About a year ago, I happened upon this statement about the Monitor in the Harvard Business Review – under the charming heading of “do things that don’t interest you”:

“Many things that end up” being meaningful, writes social scientist Joseph Grenny, “have come from conference workshops, articles, or online videos that began as a chore and ended with an insight. My work in Kenya, for example, was heavily influenced by a Christian Science Monitor article I had forced myself to read 10 years earlier. Sometimes, we call things ‘boring’ simply because they lie outside the box we are currently in.”

If you were to come up with a punchline to a joke about the Monitor, that would probably be it. We’re seen as being global, fair, insightful, and perhaps a bit too earnest. We’re the bran muffin of journalism.

But you know what? We change lives. And I’m going to argue that we change lives precisely because we force open that too-small box that most human beings think they live in.

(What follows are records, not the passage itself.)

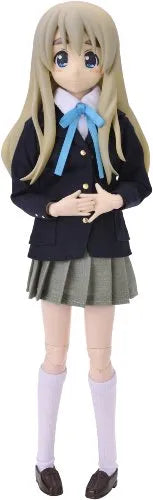 K-ON! - Kotobuki Tsumugi - Resinya! - Cute-Rate 23 (Cospa)ㅤ – Cospa – ActionFigure Brasil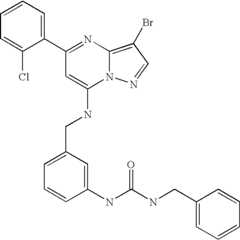 Figure US07119200-20061010-C04241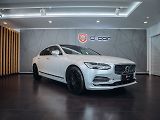 Volvo S90 2.0 D5 AWD Inscription 173kW - náhled 1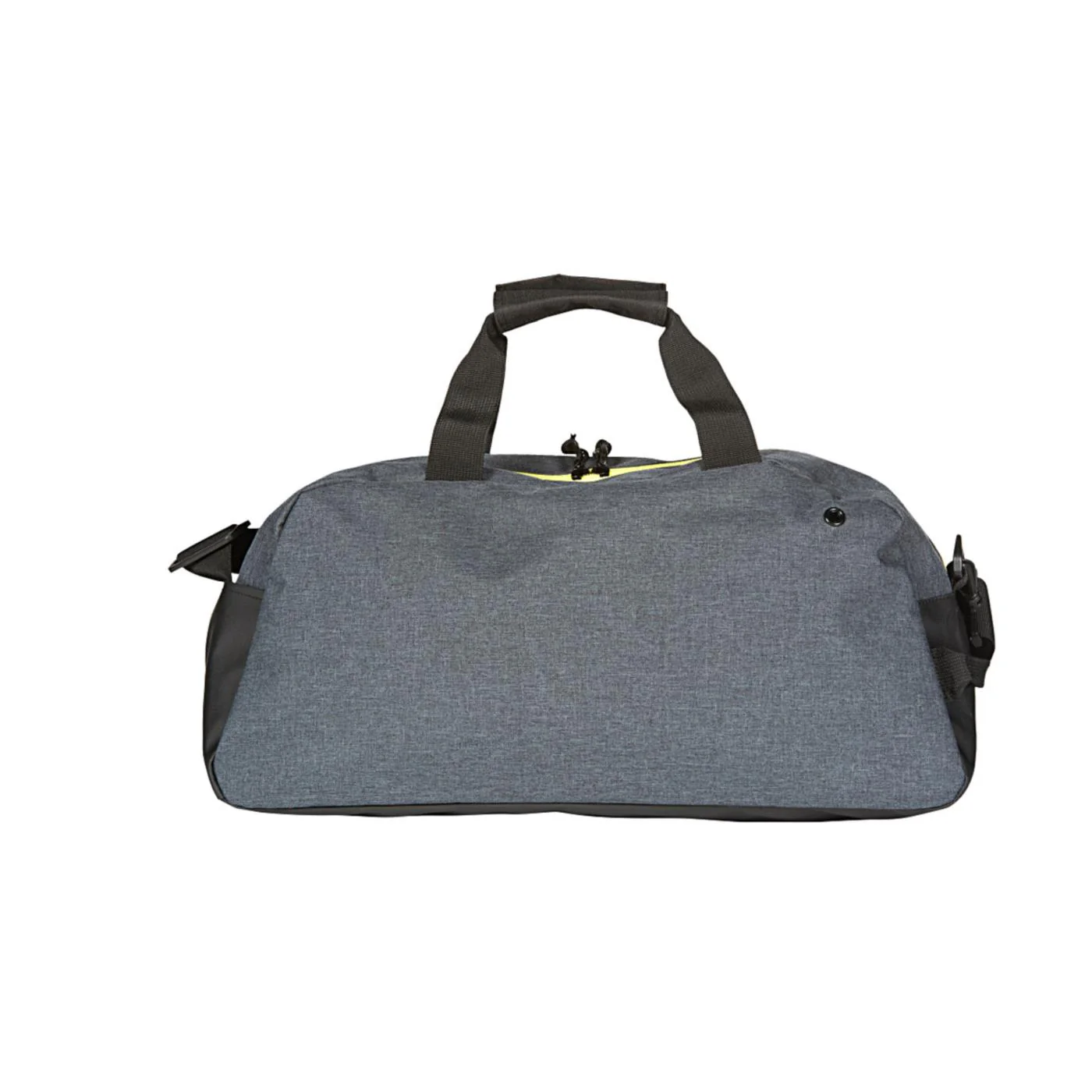 ARENA TEAM DUFFLE 25 - Image 3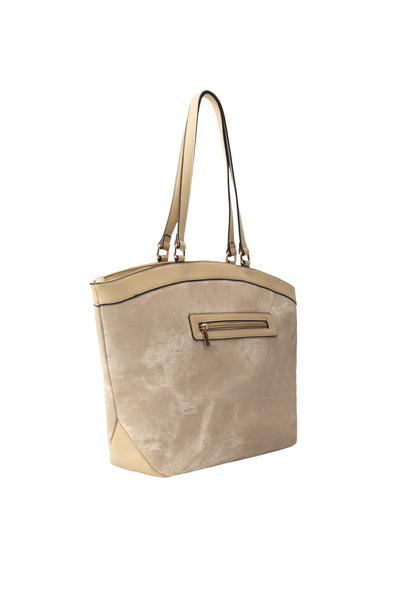 usha Damen Shopper Tasche
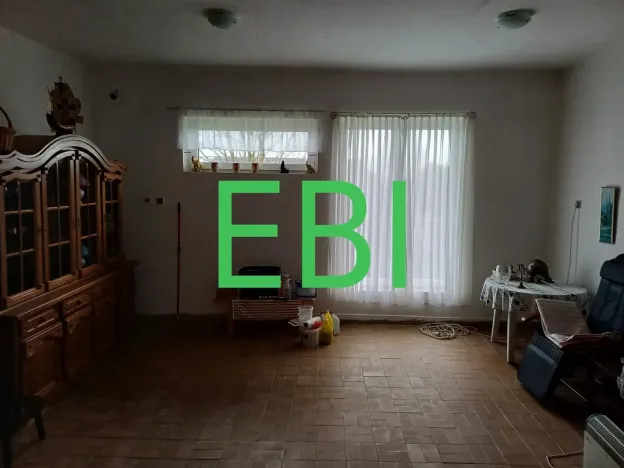 Prodej rodinného domu, Velhartice - Hory Matky Boží, Hory Matky Boží, 165 m2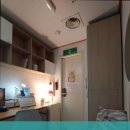 코지하우스독산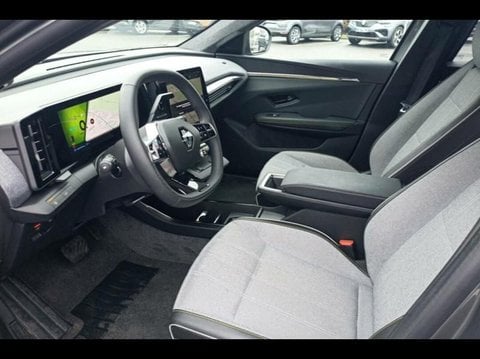 Voitures D'occasion À Seclin | Renault Scénic Scenic E-Tech Electric 220Ch Techno Grande Autono...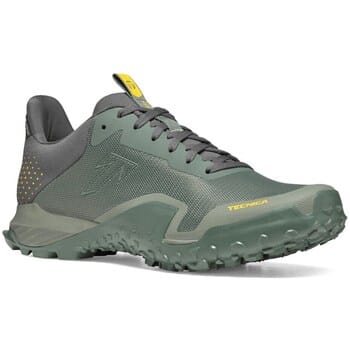 Wandelschoenen Tecnica Magma 2.0 Low S Gtx
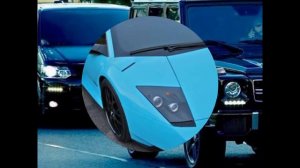 Машины тимати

The Monitor is a peculiar little publication that’s hard for the world to figure out. We’re run by a church, but we’re not only for church members and we’re not about converting people. We’re known as being fair even as the world becomes as polarized as at any time since the newspaper’s founding in 1908.

We have a mission beyond circulation, we want to bridge divides. We’re about kicking down the door of thought everywhere and saying, “You are bigger and more capable than you realize. And we can prove it.”